Source material
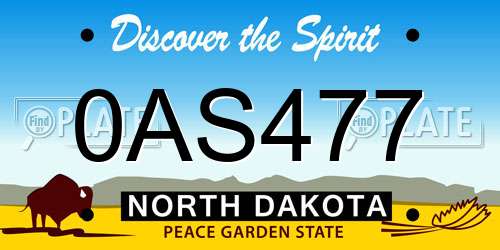 0AS477 North Dakota License Plate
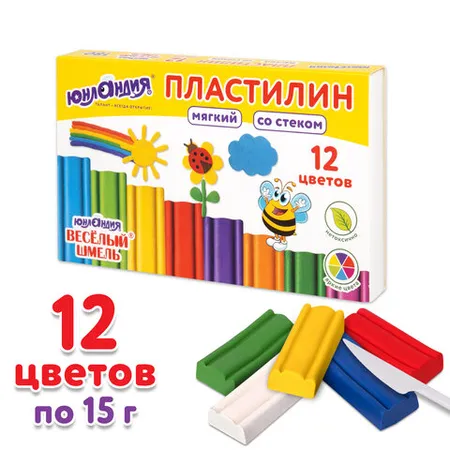 Փափուկ պլաստիլին ЮНЛАНДИЯ "ВЕСЕЛЫЙ ШМЕЛЬ", 12 գույն - ЮНЛАНДИЯ (SKU: 106672) | KapanStore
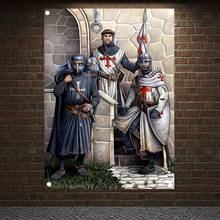 Cavaleiros templários do vintage posters impressão arte decoração da parede crusader banners bandeiras papel de parede pintura da lona pendurado decoração casa f5 2024 - compre barato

Task statement
If a picture appears in the data, omit it; transcribe all the rest exactly.

Exercise answer
 0AS477 North Dakota License Plate
 Փափուկ պլաստիլին ЮНЛАНДИЯ "ВЕСЕЛЫЙ ШМЕЛЬ", 12 գույն - ЮНЛАНДИЯ (SKU: 106672) | KapanStore
 Cavaleiros templários do vintage posters impressão arte decoração da parede crusader banners bandeiras papel de parede pintura da lona pendurado decoração casa f5 2024 - compre barato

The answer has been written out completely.